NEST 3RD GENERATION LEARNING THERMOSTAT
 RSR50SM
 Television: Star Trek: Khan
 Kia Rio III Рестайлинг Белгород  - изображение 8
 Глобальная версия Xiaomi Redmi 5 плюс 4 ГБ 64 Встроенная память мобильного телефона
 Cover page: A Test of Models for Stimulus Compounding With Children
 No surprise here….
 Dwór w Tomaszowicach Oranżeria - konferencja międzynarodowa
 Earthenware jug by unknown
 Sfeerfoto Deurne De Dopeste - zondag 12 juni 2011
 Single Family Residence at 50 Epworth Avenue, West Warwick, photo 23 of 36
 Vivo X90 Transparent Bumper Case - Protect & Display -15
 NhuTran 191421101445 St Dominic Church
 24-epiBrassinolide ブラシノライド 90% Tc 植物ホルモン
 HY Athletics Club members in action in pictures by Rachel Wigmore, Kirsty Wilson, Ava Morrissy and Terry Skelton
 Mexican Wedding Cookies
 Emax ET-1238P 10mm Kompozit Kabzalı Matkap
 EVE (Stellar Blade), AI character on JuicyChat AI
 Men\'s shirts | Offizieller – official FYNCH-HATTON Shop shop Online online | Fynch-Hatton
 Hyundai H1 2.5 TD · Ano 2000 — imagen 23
========
### Action item
Type out the whole listing above again, exactly as it stands.

### Final answer
NEST 3RD GENERATION LEARNING THERMOSTAT
 RSR50SM
 Television: Star Trek: Khan
 Kia Rio III Рестайлинг Белгород  - изображение 8
 Глобальная версия Xiaomi Redmi 5 плюс 4 ГБ 64 Встроенная память мобильного телефона
 Cover page: A Test of Models for Stimulus Compounding With Children
 No surprise here….
 Dwór w Tomaszowicach Oranżeria - konferencja międzynarodowa
 Earthenware jug by unknown
 Sfeerfoto Deurne De Dopeste - zondag 12 juni 2011
 Single Family Residence at 50 Epworth Avenue, West Warwick, photo 23 of 36
 Vivo X90 Transparent Bumper Case - Protect & Display -15
 NhuTran 191421101445 St Dominic Church
 24-epiBrassinolide ブラシノライド 90% Tc 植物ホルモン
 HY Athletics Club members in action in pictures by Rachel Wigmore, Kirsty Wilson, Ava Morrissy and Terry Skelton
 Mexican Wedding Cookies
 Emax ET-1238P 10mm Kompozit Kabzalı Matkap
 EVE (Stellar Blade), AI character on JuicyChat AI
 Men\'s shirts | Offizieller – official FYNCH-HATTON Shop shop Online online | Fynch-Hatton
 Hyundai H1 2.5 TD · Ano 2000 — imagen 23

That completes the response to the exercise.